Eli Lilly’s COVID-19 neutralizing antibody drug was the first of its kind to score FDA authorization against the illness in early November. Emerging coronavirus variants later threatened to mute the treatment’s effectiveness and now, nearly six months later, the FDA has rescinded its endorsement.
The federal agency on Friday revoked its emergency authorization for Lilly’s monoclonal antibody therapy bamlanivimab, when administered by itself, to treat adult and certain pediatric COVID-19 patients with mild- to-moderate disease. Lilly itself supports the move and still distributes the antibody in combination with etesevimab.
The decision comes after the FDA ordered Lilly and rival drumaker Regeneron in late February and early March to monitor their treatments against emerging variants of SARS-CoV-2, the coronavirus that causes COVID-19.
Some of the variants, especially the B.1.351 version first identified in South Africa, have proven resistant to antibody therapies. Now, the potential benefits of administering Lilly’s drug no longer outweigh the risks as some of those variants take hold in the U.S., the FDA said in its latest order.
Still, other authorized monoclonal antibody therapies “remain appropriate treatment choices … and can help keep high risk patients with COVID-19 out of the hospital,” said Patrizia Cavazzoni, director of the FDA’s Center for Drug Evaluation and Research, said in a statement.
That includes Lilly’s combo of bamlanivimab and etesevimab, Cavazzoni said. Lilly’s two combined drugs, which it developed specifically to target emerging variants, received the FDA’s OK in February. Regeneron also distributes a combo of casirivimab and imdevimab.
The agency’s decision on Friday likely came as no surprise to Lilly, which actually requested the FDA rescind bamlanivimab’s solo authorization the same day. The Indianapolis-based drugmaker said it’s transitioning its focus toward the combo treatment and will only submit the bamlanivimab-etesevimab duo for authorization moving forward.

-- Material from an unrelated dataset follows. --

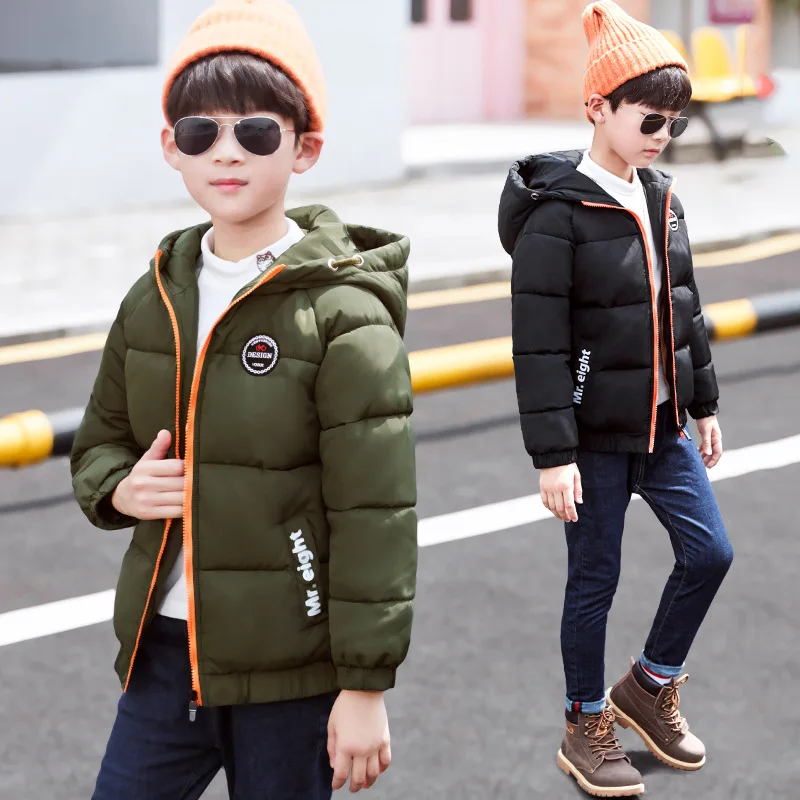 Куртка для маленьких мальчиков на осень и зиму теплая парка с капюшоном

Lilly’s solo bamlanivimab and its mix with etesevimab are authorized in 20 countries outside the U.S. The company isn’t asking other governments to rescind their authorization of the single treatment at this time.

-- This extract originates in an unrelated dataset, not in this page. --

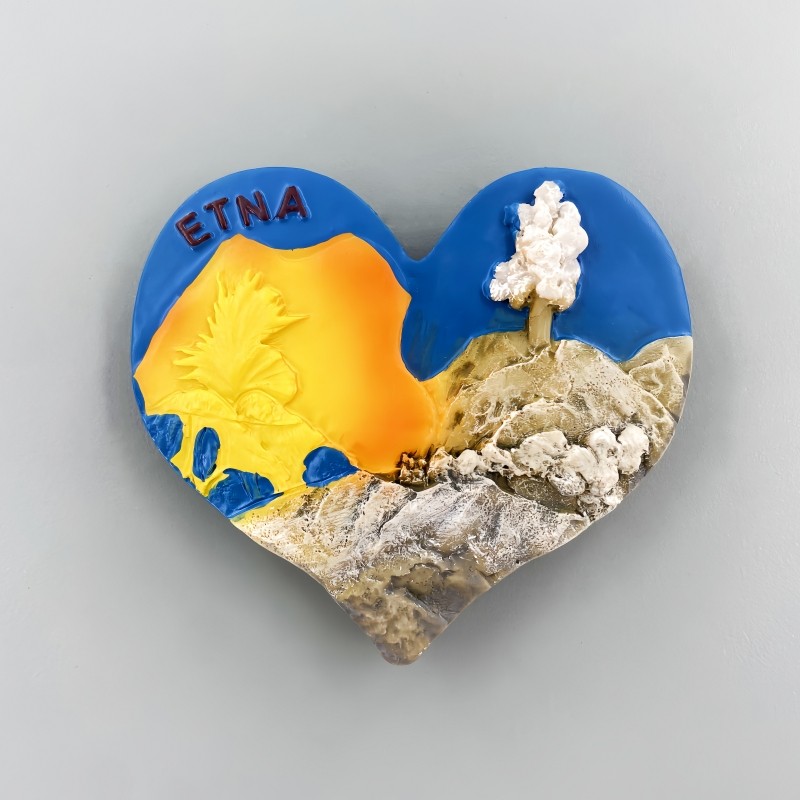 รูปหัวใจ Mount Etna ใน Sicily, อิตาลีตู้เย็นสติกเกอร์ Tourist ของที่ระลึกตู้เย็นสติกเกอร์ตกแต่งบ้าน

Amid the increase in variants and supply gains for etesevimab, “we believe now is the right time to complete our planned transition and focus on the administration of these two neutralizing antibodies together,” Daniel Skovronsky, Lilly’s chief scientific officer, said in a statement.
Just last week, the drugmaker said that it has stopped supplying bamlanivimab as a solo therapy to the U.S. completely, although the feds had already stopped using it in several states where one variant was running rampant. Under a revised supply deal with the government, Lilly will supply its combo therapy.
All infusion sites in the U.S. now have the ability to obtain doses of mixed therapy, and providers should order additional doses of etesevimab to pair with their solo bamlanivimab supply, Lilly said in a statement Friday.
The company recently posted strong data backing the combined drug therapy. Based on phase 3 clinical trial data, the bamlanivimab-etesevimab duo slashed hospitalizations by 87% versus placebo.